Return only the lines running from the first line of the listing through the one with "漫画《黑化魔女只好成为反派了》41第18张图", unchanged.

───── DATASET ENTRIES

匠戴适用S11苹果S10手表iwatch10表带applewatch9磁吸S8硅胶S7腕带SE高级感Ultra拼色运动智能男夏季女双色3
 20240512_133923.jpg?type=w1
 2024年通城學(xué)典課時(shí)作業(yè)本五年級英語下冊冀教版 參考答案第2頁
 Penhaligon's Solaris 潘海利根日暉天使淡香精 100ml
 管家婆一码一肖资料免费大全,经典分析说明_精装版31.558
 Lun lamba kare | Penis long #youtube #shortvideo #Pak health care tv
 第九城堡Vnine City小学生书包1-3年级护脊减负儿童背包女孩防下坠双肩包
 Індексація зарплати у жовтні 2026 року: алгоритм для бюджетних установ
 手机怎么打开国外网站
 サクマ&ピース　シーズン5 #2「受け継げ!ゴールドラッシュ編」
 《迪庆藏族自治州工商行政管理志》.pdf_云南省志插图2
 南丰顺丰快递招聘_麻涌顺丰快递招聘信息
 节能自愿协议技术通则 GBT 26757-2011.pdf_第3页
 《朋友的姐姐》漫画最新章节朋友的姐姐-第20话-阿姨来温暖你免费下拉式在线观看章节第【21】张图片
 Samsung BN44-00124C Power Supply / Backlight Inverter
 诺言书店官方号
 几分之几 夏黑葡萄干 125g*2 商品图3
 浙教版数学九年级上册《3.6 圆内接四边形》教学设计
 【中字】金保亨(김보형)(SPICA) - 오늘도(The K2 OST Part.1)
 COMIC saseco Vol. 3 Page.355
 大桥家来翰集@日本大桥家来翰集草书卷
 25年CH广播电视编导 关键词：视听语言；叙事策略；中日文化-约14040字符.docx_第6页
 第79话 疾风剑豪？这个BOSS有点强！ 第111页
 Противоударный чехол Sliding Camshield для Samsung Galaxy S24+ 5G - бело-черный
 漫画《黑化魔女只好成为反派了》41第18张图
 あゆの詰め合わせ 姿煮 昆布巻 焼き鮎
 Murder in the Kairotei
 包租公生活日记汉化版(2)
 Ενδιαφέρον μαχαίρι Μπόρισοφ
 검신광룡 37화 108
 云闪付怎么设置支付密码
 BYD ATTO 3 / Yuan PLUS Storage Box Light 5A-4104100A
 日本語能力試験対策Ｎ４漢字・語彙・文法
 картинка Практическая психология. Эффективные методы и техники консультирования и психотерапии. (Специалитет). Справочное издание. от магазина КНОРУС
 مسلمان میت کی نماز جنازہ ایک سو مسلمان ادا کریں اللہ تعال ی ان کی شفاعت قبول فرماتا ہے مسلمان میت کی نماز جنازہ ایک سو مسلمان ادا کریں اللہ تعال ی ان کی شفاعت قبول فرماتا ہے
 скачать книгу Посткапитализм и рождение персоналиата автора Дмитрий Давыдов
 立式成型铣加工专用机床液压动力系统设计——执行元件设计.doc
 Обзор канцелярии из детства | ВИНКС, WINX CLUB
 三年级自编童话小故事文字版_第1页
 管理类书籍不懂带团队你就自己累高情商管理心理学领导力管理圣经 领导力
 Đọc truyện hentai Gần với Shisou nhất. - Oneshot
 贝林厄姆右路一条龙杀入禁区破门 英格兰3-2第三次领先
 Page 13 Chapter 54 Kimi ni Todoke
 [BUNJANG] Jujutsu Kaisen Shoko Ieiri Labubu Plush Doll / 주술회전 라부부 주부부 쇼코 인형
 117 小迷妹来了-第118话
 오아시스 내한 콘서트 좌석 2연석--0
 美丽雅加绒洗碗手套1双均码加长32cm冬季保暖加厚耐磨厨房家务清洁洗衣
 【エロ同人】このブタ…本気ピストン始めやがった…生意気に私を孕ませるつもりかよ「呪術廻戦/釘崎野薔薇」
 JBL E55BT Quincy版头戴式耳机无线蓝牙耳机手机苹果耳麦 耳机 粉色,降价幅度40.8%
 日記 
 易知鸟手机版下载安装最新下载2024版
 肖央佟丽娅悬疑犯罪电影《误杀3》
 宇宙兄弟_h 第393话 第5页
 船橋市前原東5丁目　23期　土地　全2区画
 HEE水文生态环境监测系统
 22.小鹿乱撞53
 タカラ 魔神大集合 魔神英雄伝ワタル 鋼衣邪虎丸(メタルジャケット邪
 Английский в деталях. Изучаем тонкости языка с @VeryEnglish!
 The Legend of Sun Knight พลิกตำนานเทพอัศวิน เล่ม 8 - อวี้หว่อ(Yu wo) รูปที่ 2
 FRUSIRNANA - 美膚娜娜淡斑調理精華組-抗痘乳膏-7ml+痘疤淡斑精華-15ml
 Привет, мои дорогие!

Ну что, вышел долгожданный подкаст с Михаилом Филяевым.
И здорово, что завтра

──────────

### [ANSWER BOX]
匠戴适用S11苹果S10手表iwatch10表带applewatch9磁吸S8硅胶S7腕带SE高级感Ultra拼色运动智能男夏季女双色3
 20240512_133923.jpg?type=w1
 2024年通城學(xué)典課時(shí)作業(yè)本五年級英語下冊冀教版 參考答案第2頁
 Penhaligon's Solaris 潘海利根日暉天使淡香精 100ml
 管家婆一码一肖资料免费大全,经典分析说明_精装版31.558
 Lun lamba kare | Penis long #youtube #shortvideo #Pak health care tv
 第九城堡Vnine City小学生书包1-3年级护脊减负儿童背包女孩防下坠双肩包
 Індексація зарплати у жовтні 2026 року: алгоритм для бюджетних установ
 手机怎么打开国外网站
 サクマ&ピース　シーズン5 #2「受け継げ!ゴールドラッシュ編」
 《迪庆藏族自治州工商行政管理志》.pdf_云南省志插图2
 南丰顺丰快递招聘_麻涌顺丰快递招聘信息
 节能自愿协议技术通则 GBT 26757-2011.pdf_第3页
 《朋友的姐姐》漫画最新章节朋友的姐姐-第20话-阿姨来温暖你免费下拉式在线观看章节第【21】张图片
 Samsung BN44-00124C Power Supply / Backlight Inverter
 诺言书店官方号
 几分之几 夏黑葡萄干 125g*2 商品图3
 浙教版数学九年级上册《3.6 圆内接四边形》教学设计
 【中字】金保亨(김보형)(SPICA) - 오늘도(The K2 OST Part.1)
 COMIC saseco Vol. 3 Page.355
 大桥家来翰集@日本大桥家来翰集草书卷
 25年CH广播电视编导 关键词：视听语言；叙事策略；中日文化-约14040字符.docx_第6页
 第79话 疾风剑豪？这个BOSS有点强！ 第111页
 Противоударный чехол Sliding Camshield для Samsung Galaxy S24+ 5G - бело-черный
 漫画《黑化魔女只好成为反派了》41第18张图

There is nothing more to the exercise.